EXCERPTED RECORDS START
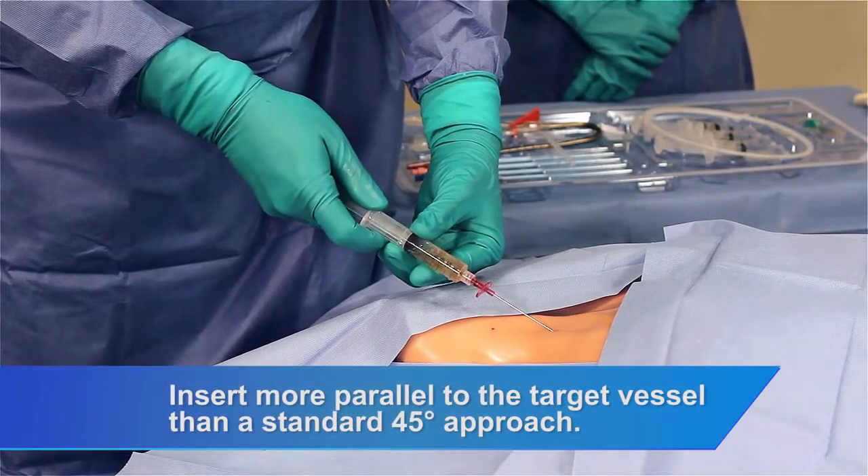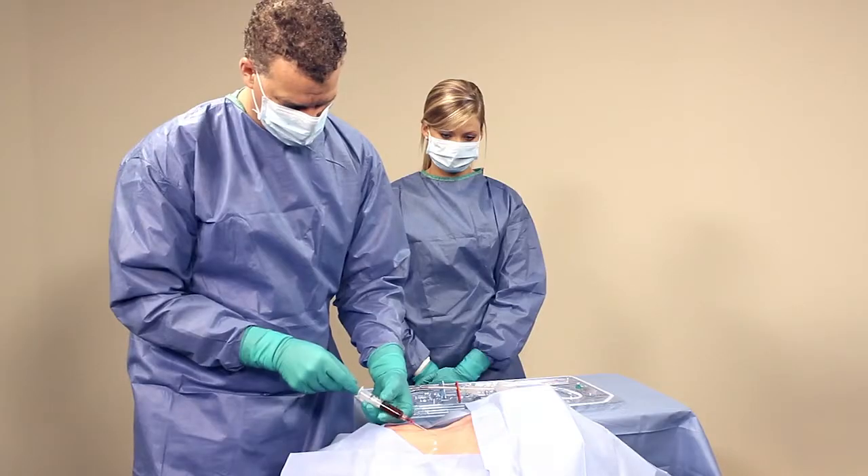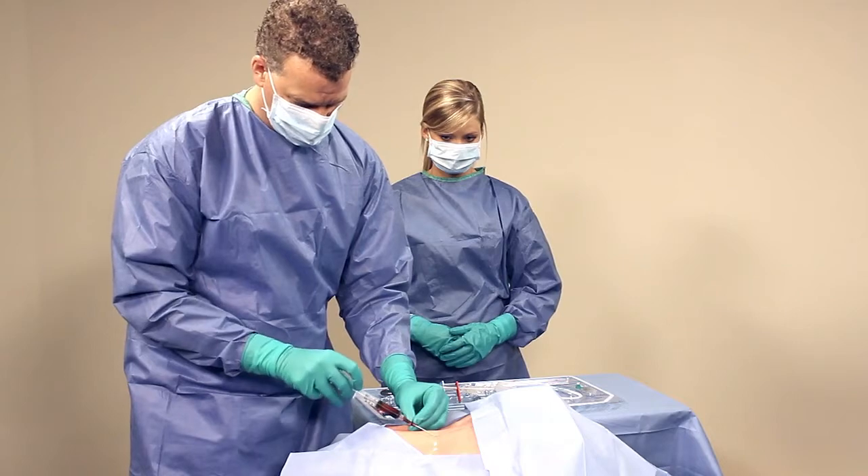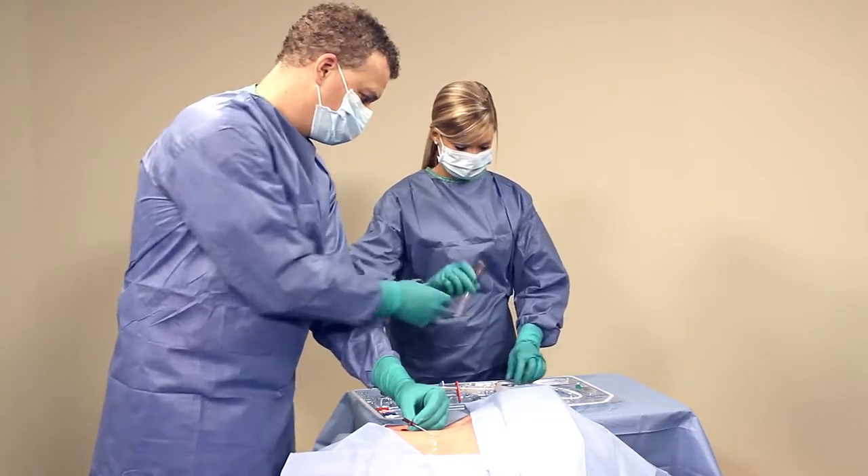Aspirate to ensure proper placement. Once blood has been aspirated, remove the syringe and place your thumb over the end to prevent blood loss or air embolism.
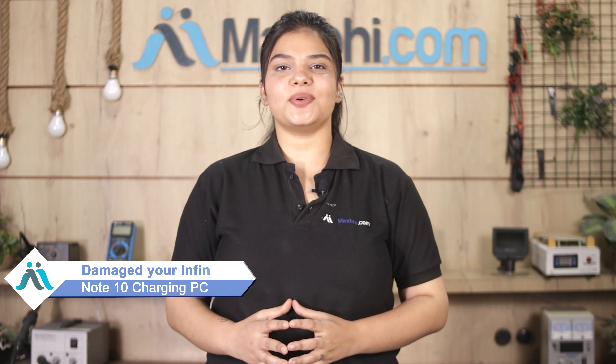Hi friends, this is Lucky from Maxp.com. Why is your Infinix Note 10's charging PCB damaged? Don't worry — you can buy a high-quality replacement charging PCB for your Infinix Note 10 at a very affordable price from Maxp.com and fix your phone yourself at home, or get it repaired by any professional very easily.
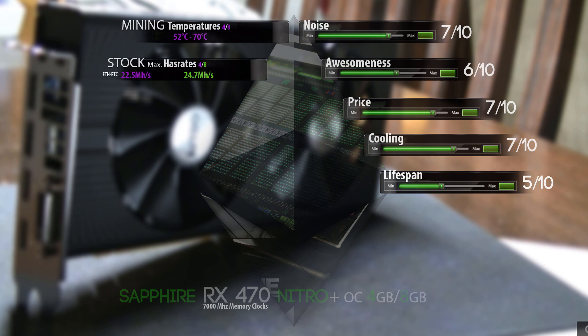Next up we have the stock maximum hashrate I could get out of both of these cards. At stock, for Ethereum and Ethereum Classic mining, they come at about 22.5 MH/s for the 4GB version and 24.7 MH/s for the 8GB version.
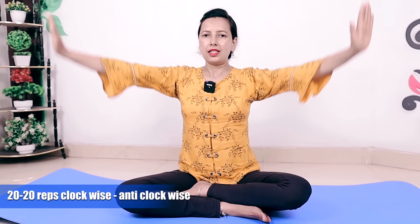How much do you have to do it? You need to do 20 times. Then the warm-up will be good. Do 20 repetitions on one side, then do 20 repetitions on the opposite side. This will be your warm-up exercise.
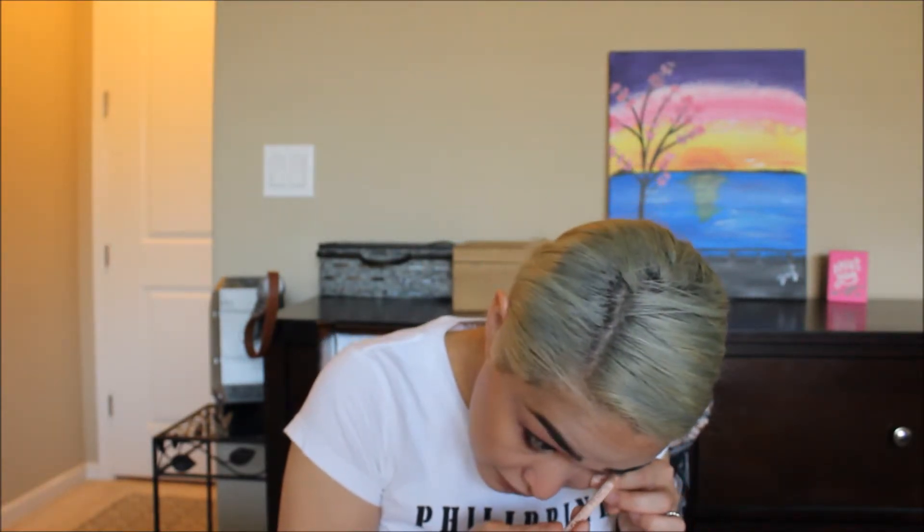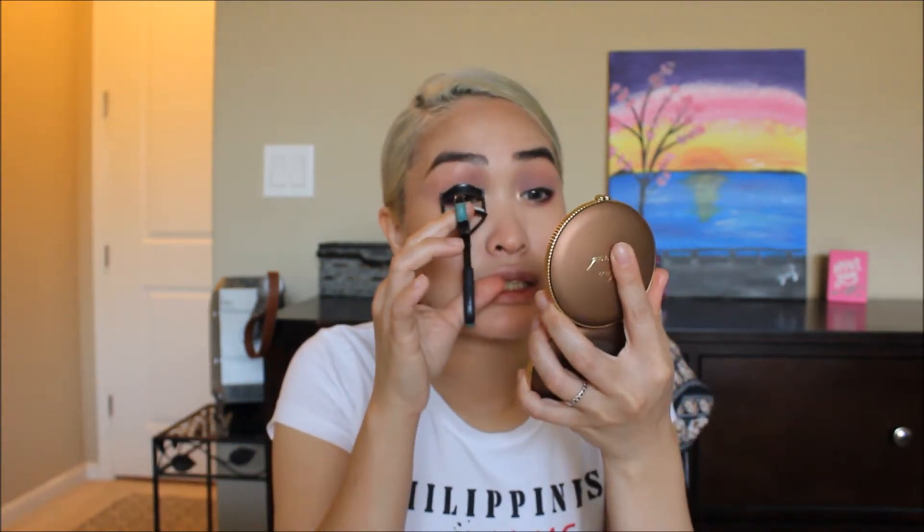This is a NYX Wonder Pencil in Light — it's not white, it's a neutral cream color — and we're just going to put that in the waterline of the lower lash line. Then curl the lashes and put some mascara on. I'm going to be using the Monzu Big Lashes from Lancôme. I really don't like this one though — I need to go buy another mascara. I had to throw away my L'Oreal Paradise Lashes because it got too dry really quick.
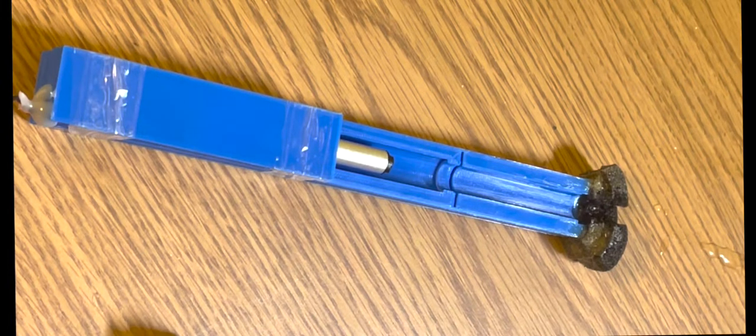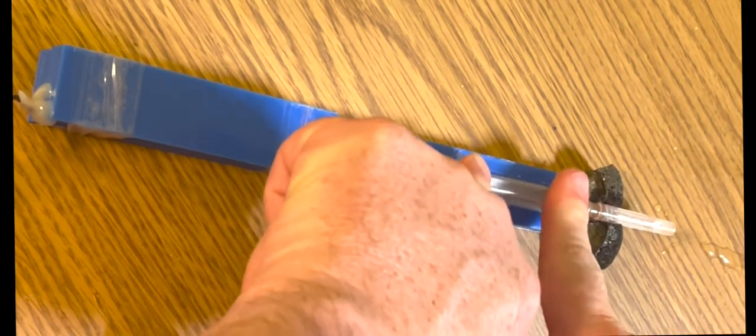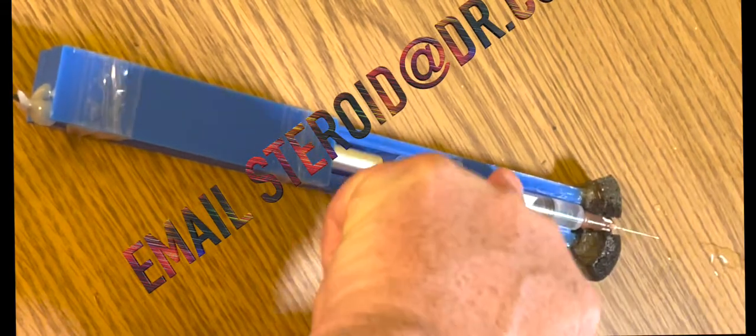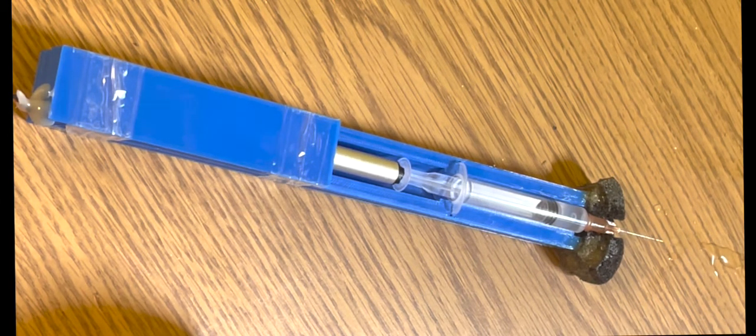With this device, all you do is put the syringe in — it snaps right in. Take the cap off and you'll see the plunger start moving towards the needle. This is also the controlled pace mechanism.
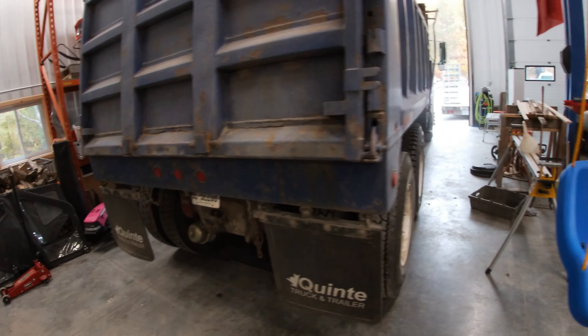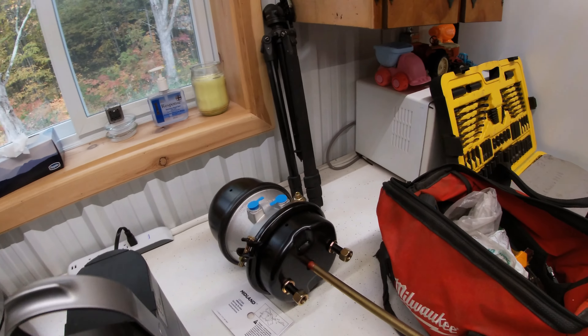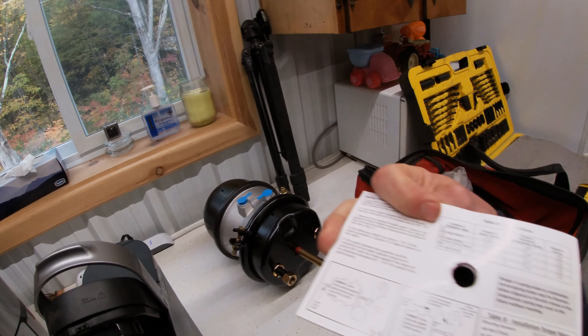Got the dump truck in the shop today - it needs a brake chamber. Watched a couple videos online, read the instructions, which pretty much means I'm a mechanic now, so we'll get right into this.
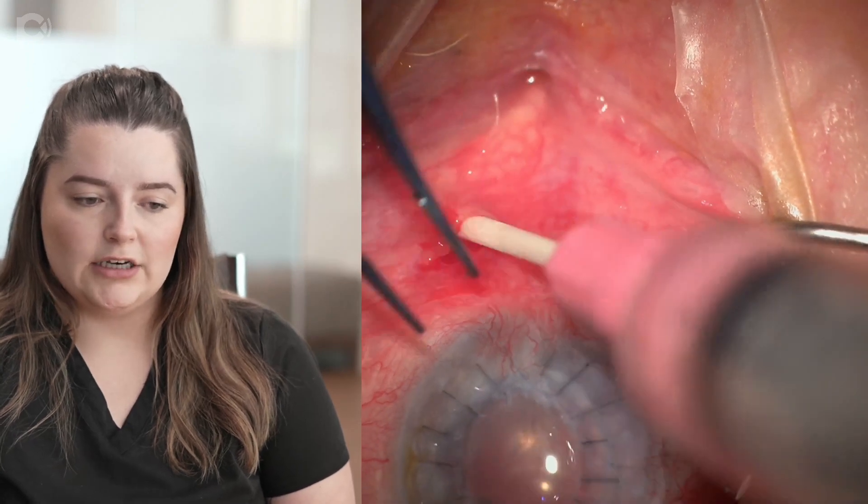Then you're going to guide the angiocatheter through that channel that you made and slowly inject the Expiril or bupivacaine into the eye. Sometimes you can meet a little bit of resistance, and it's okay to back out at that point and readjust your angle.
EXCERPTED RECORDS END
### HOW TO COMPLETE THIS TASK
Everything above from the line containing "Hi friends, this" down to the line containing "How much do" is to be duplicated exactly, both lines included, and the pictures are to be omitted.

### EXERCISE ANSWER
Hi friends, this is Lucky from Maxp.com. Why is your Infinix Note 10's charging PCB damaged? Don't worry — you can buy a high-quality replacement charging PCB for your Infinix Note 10 at a very affordable price from Maxp.com and fix your phone yourself at home, or get it repaired by any professional very easily.
Next up we have the stock maximum hashrate I could get out of both of these cards. At stock, for Ethereum and Ethereum Classic mining, they come at about 22.5 MH/s for the 4GB version and 24.7 MH/s for the 8GB version.
How much do you have to do it? You need to do 20 times. Then the warm-up will be good. Do 20 repetitions on one side, then do 20 repetitions on the opposite side. This will be your warm-up exercise.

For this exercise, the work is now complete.